Speaking to an adoring throng in LaCrosse, Obama likened the entire Republican to a senile “Uncle Harry” making nonsensical statements at a family Thanksgiving dinner, adding that “You still love him. He’s still a member of your family. Right? But you’ve got to correct him. You don’t want to put him charge of stuff.” He also compared Wisconsin’s government under Walker to that of neighboring and more-Democratic Minnesota, noting that Minnesota had raised taxes on the wealthy, increased the minimum wage, expanded Medicaid, implemented all-day kindergarten, offered subsidies for college, and had a lower unemployment rate and higher median income.
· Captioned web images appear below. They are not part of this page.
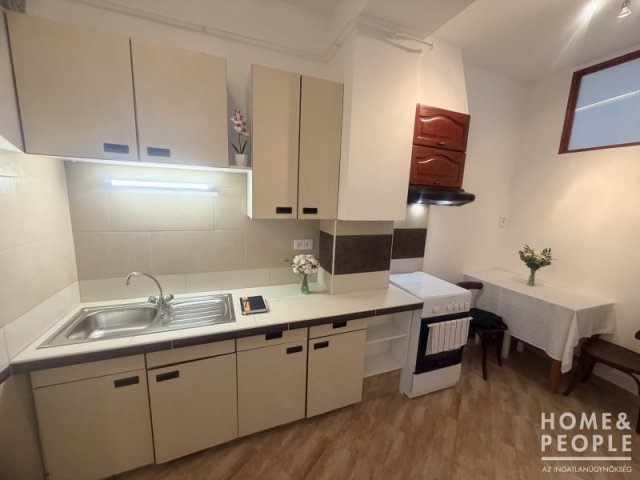 Eladó téglalakás, Szegeden 45 M Ft, 2 szobás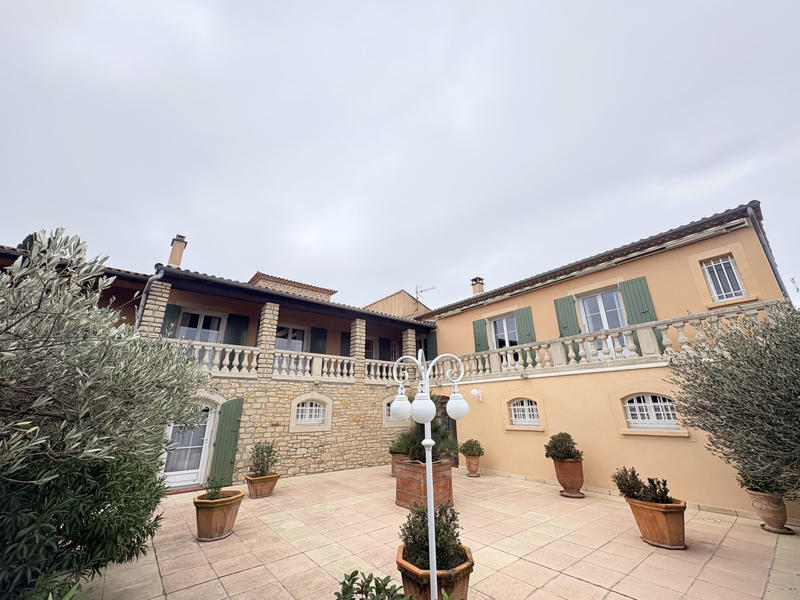 Villa - 311 m² - 11 pièces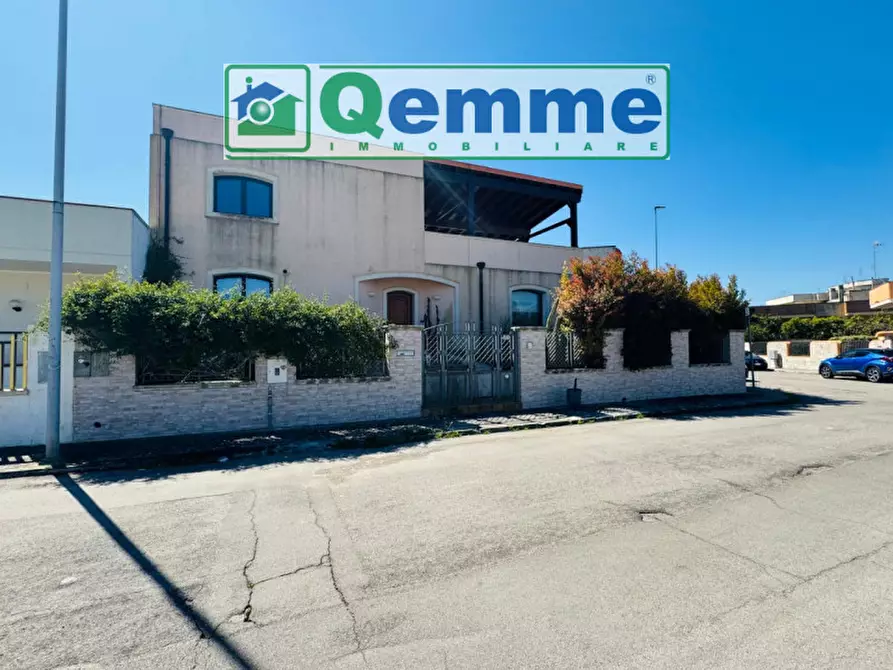 Immagine 1 di Villa in vendita  in Piazza Beethoven a Lequile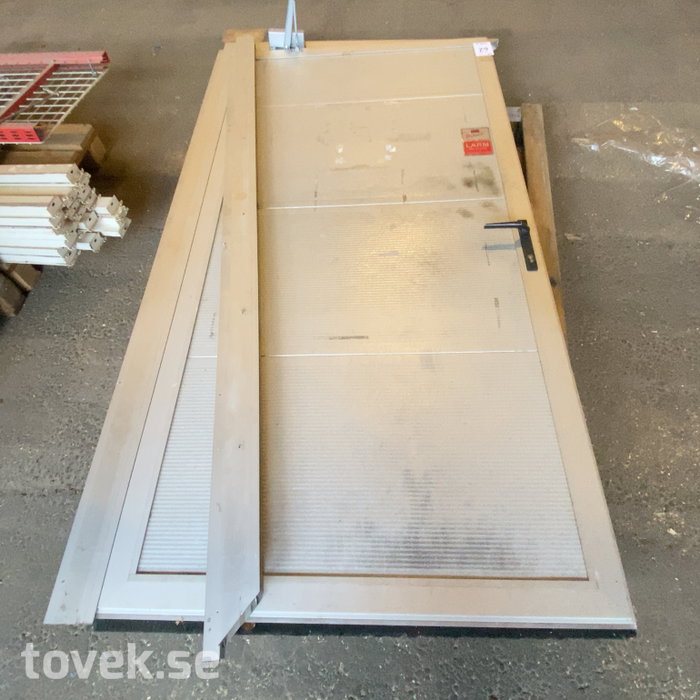Slider image 0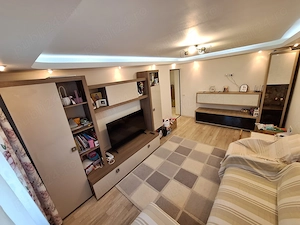 Apartament 3 camere, etaj 2,la Piata Mare - imagine 5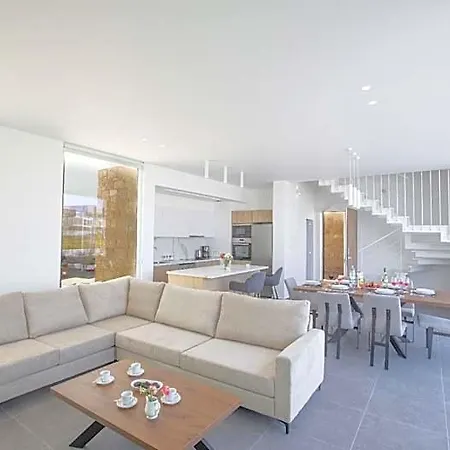 Vie Bleu Vb14 New 3 Bedroom In The Center Of Protaras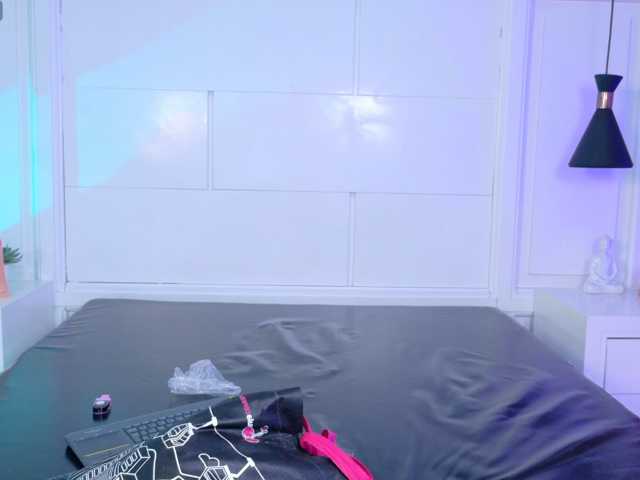 Amber-Foxx live cam on BongaCams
With the applause indicating that he had an audience willing to believe that higher taxes and higher labor costs and increased government spending is the obvious explanation for Minnesota’s relatively healthier economy, Obama then boasted of his own successes with this same formula, and contrasted his humane approach with the Republicans’ policy of giving tax breaks to the wealthy and letting everyone else fend for themselves. Such callous economics was the cause of the ’08 financial crisis, Obama told the crowd, anding that “Being an American is not about taking as much as you can from your neighbor before they take as much as they can from you. We are not a bunch of individuals out here on our own. We are a community, we are family. We are in this together.”
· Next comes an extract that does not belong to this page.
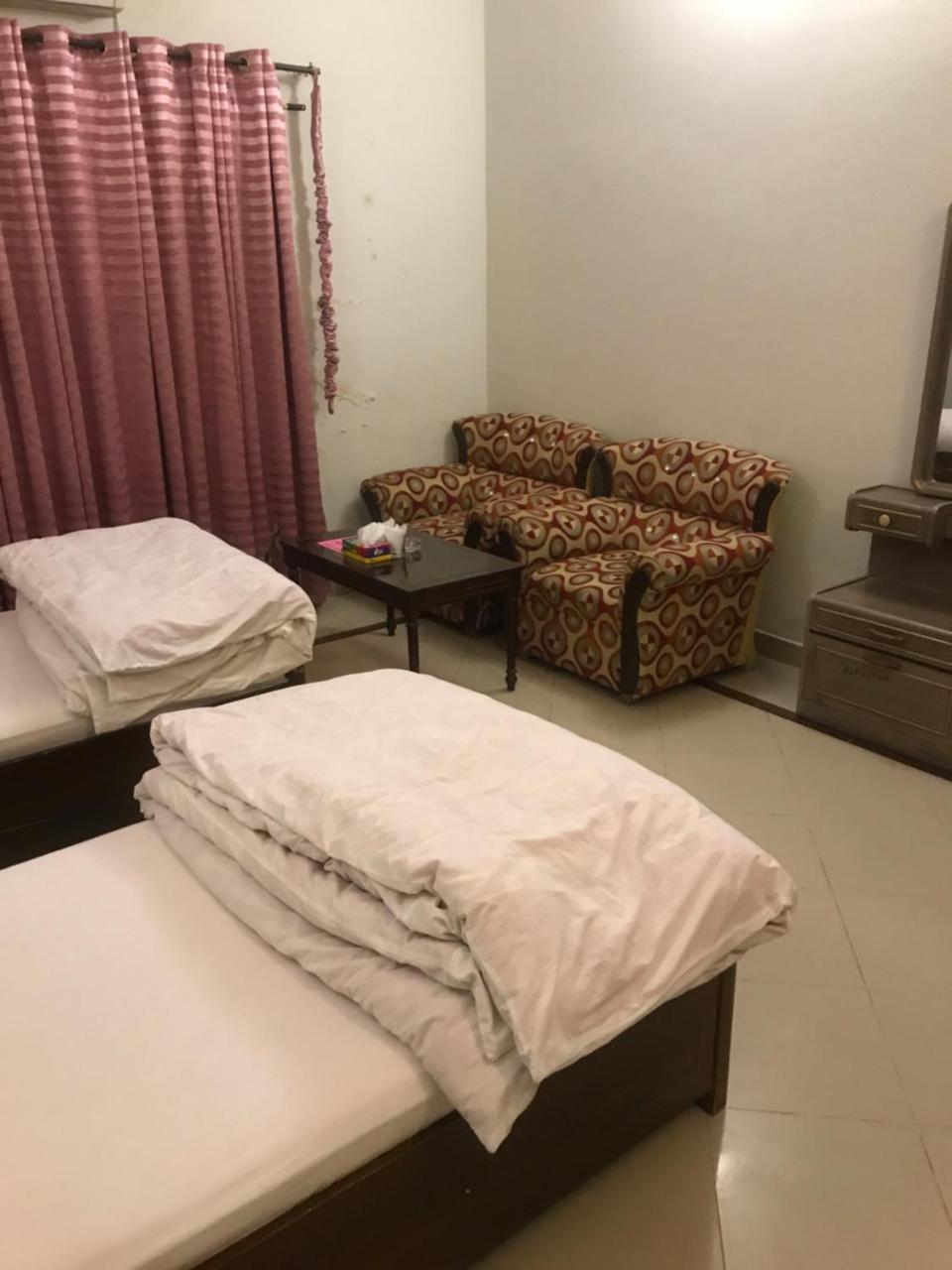 New Shelton Guest House Islamabad Extérieur photo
One hardly knows where to begin rebutting such hogwash, but it might as well be at the beginning with that crack about the crazy uncle. This comes from the World’s Greatest Orator, who was going to end the era of partisan division and facilitate a serious discussion about the nature’s future. It also comes from the leader of a party that features a crazy and foul-mouthed Uncle Joe and a creepy face-lifted Aunt Nancy and a perverted Cousin Anthony who keeps sending pictures of his underwear-clas private parts over his cell phone and a First Mom who insists that everyone eat their vegetables while she wolfs down what the fancy chefs who’ve been flown have created and a cackling evil stepmother Hillary who seems next in line to lead our very dysfunctional national family, and we can’t share the audience’s satisfaction that everything has worked out so well since they’ve been “put in charge of stuff.”
Walker does a fine enough job defending his controversial policies in an op-ed article at Real Clear Politics, graciously headlined “Welcome to Wisconsin, Mr. President,” noting the significant economic gains that have lately occurred in his state in spite of the sluggish national economy. He didn’t anticipate the part about Minnesota, so for his benefit we’ll add that the high tax rates on job-creators cannot possibly explain the state’s job creations, the minimum wage increase is less than a year old and hasn’t yet pushed up overall wages and has almost certainly eliminated many minimum-wage jobs, the Medicaid expansion wouldn’t have been necessary if the Minnesota economy were as robust as he represents it, and probably was made more necessary by the many Minnesotans who lost the suddenly more-expensive health plans they liked and were promised they could keep but were relegated to Medicaid by Obamacare, there’s no proof that all-day kindergarten does children much good, somebody’s still paying those ever-increasing college costs that always go up further with the subsidies, and a more telling basis for comparison would be the relative improvement of the Wisconsin and Minnesota economies over the past few years.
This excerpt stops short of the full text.